I was particularly eager to try DB2's new Java Stored Procedure Builder. This tool helps create stored procedures using DB2's Java environment without directly dealing with the Java code itself. JSPB presents a graphical interface for defining queries, inserts the resulting SQL statement into the necessary Java framework, and then compiles and installs the code as a stored procedure. The process works quite well for creating simple stored procedures.
Users can launch the JSPB as a standalone program from within the DB2 Control Center or from any one of several integrated development environments: IBM VisualAge for Java 3.0 (due before year's end), Microsoft Visual C++, or Microsoft Visual Basic. Particularly with VisualAge for Java's release some months off, I was disappointed to find no integration with Microsoft Visual J++. After all, JSPB creates Java procedures, but doesn't provide any real support for editing the Java code. Java is the basis for all logic within the stored procedure, so the poor support for interacting with the Java code is glaring.
IBM has added a couple of new technologies that let DB2 applications easily interact with data stored elsewhere. This sort of integration with other enterprise applications can create a powerful competitive edge for your business, and IBM's implementation works largely as advertised. Support for Microsoft's OLE DB specification is the more strategic of the two additions. Through OLE DB, a DB2 application can examine data from other systems as if they were DB2 tables (albeit they are read-only objects). By tapping data found in applications such as Microsoft Index Server or Lotus Domino Server, your core database application has access to ancillary data that would otherwise have required a lot more coding to use.

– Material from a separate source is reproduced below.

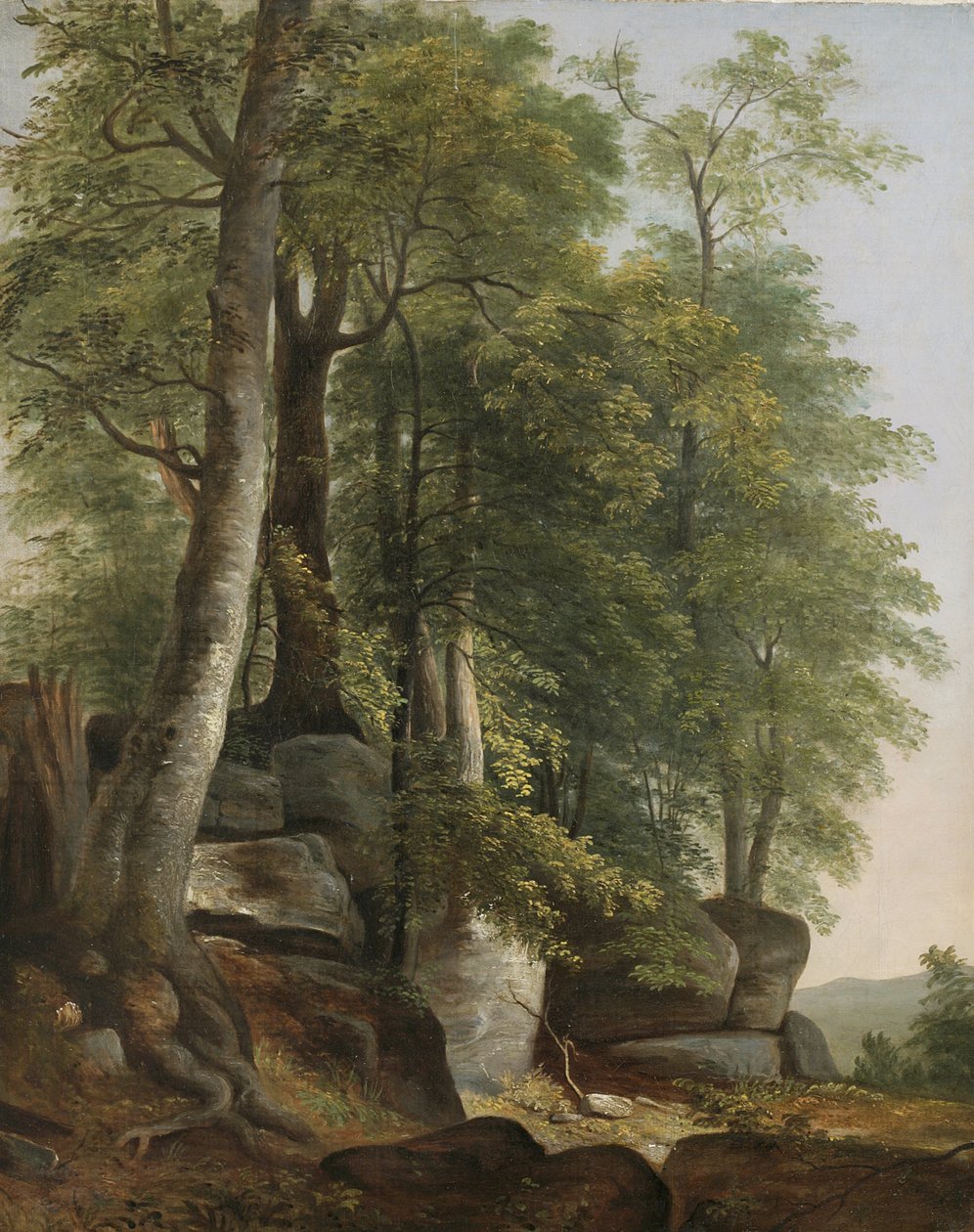 منظر طبيعي بالصخور والأشجار ، c.1845 بواسطة آشر براون دوراند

Previously available only on DB2 for AIX, DataLinks is now available for Windows NT systems. This simple technology, which lets you interact with external files as if they were data stored in DB2 fields, makes incorporating certain kinds of information much easier. For example, a recruiter who uses DB2 to track clients can create links to resumé files stored in a conventional file system. In this example, the DB2 application can treat resumés as if they were conventional DB2 data, but users continue to store and have access to resume as discrete files.
In Version 6.1, IBM has also improved DB2's performance in several ways. Perhaps the most important improvement is in the implementation of DB2 Connect, which should boost the performance of applications that connect to DB2 mainframe applications, such as a Web application hosted on a OS/390 system. Through techniques such as connection pooling, DB2 Connect promises to reduce the overhead created by frequently disconnected applications, such as most Web applications, by reducing the time spent creating and tearing down connections.
New to this release is the Index Advisor Utility, which suggests optimal indexes for tables based on a defined workload. To some degree, this tool makes optimizing DB2 databases easier. Through the Index Advisor, a user defines a set of queries and SQL actions routinely performed against a database. The Index Advisor examines these queries and determines the best indexes for the tables accessed by the workload. The Index Advisor even let me record SQL statements performed over a given period of time, useful for processes that occur in a particular sequence, to create a more realistic workload. While the Index Advisor is useful when creating a new application, it doesn't go far enough in providing help; DB2 really needs to have the ability to continuously monitor the actual queries being performed and suggest index tuning based on the queries that get executed over time.